### Dataset content:
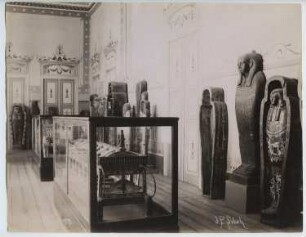 Gizeh-Museum, Gizeh ehem. Ismael-Pasha-Palast: Ansicht, Mumiensaal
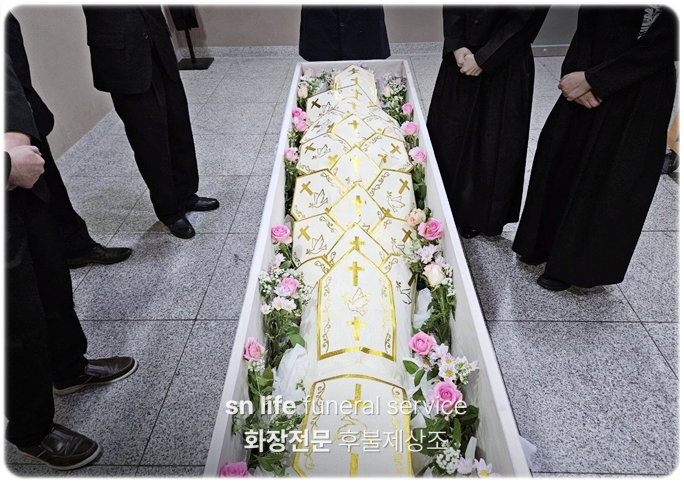 울진군립추모원_sn라이프 장례정보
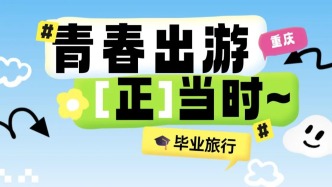 中高考生集合啦！畢業旅行攻略就看這一篇，福利多多噢！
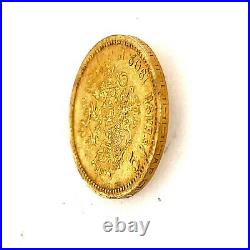 1902 A. P. RUSSIA 5 ROUBLE GOLD COIN IMPERIAL RUSSIAN NICHOLAS II Y#62 4.3Gr C#2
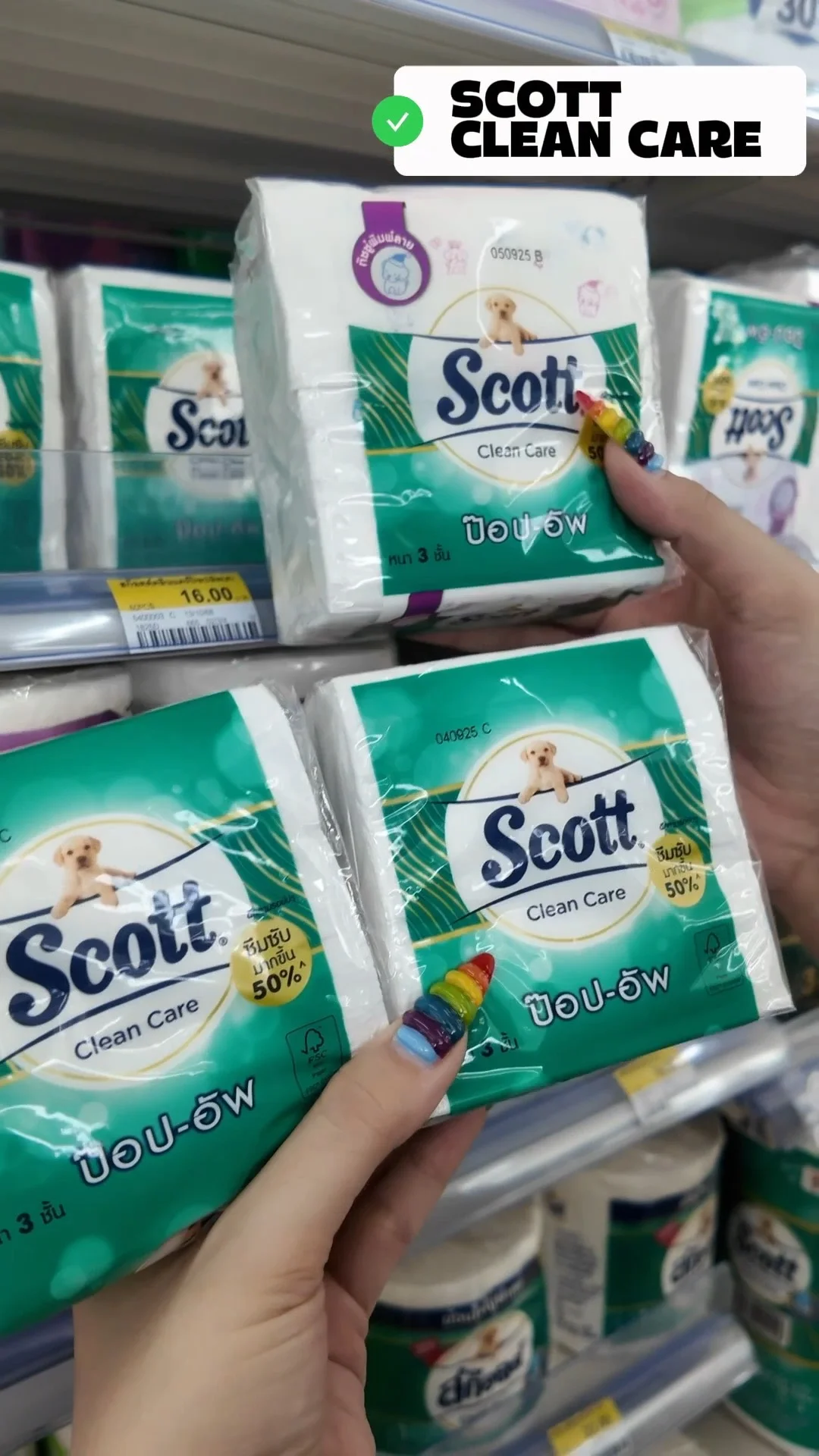 กระดาษทิชชู่ scott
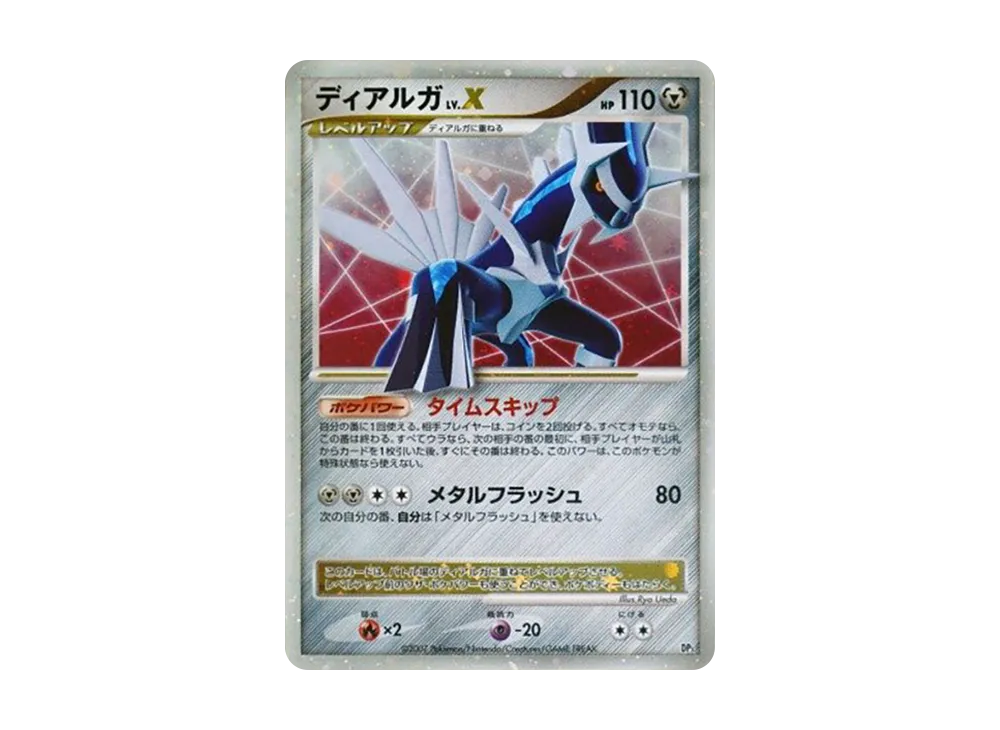 PSA10 Dialga LV.X [DP3](Standard Constructed Deck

### Task description:
Start to finish, write out the data above exactly, omitting all pictures.

### Your response:
 Gizeh-Museum, Gizeh ehem. Ismael-Pasha-Palast: Ansicht, Mumiensaal
 울진군립추모원_sn라이프 장례정보
 中高考生集合啦！畢業旅行攻略就看這一篇，福利多多噢！
 1902 A. P. RUSSIA 5 ROUBLE GOLD COIN IMPERIAL RUSSIAN NICHOLAS II Y#62 4.3Gr C#2
 กระดาษทิชชู่ scott
 PSA10 Dialga LV.X [DP3](Standard Constructed Deck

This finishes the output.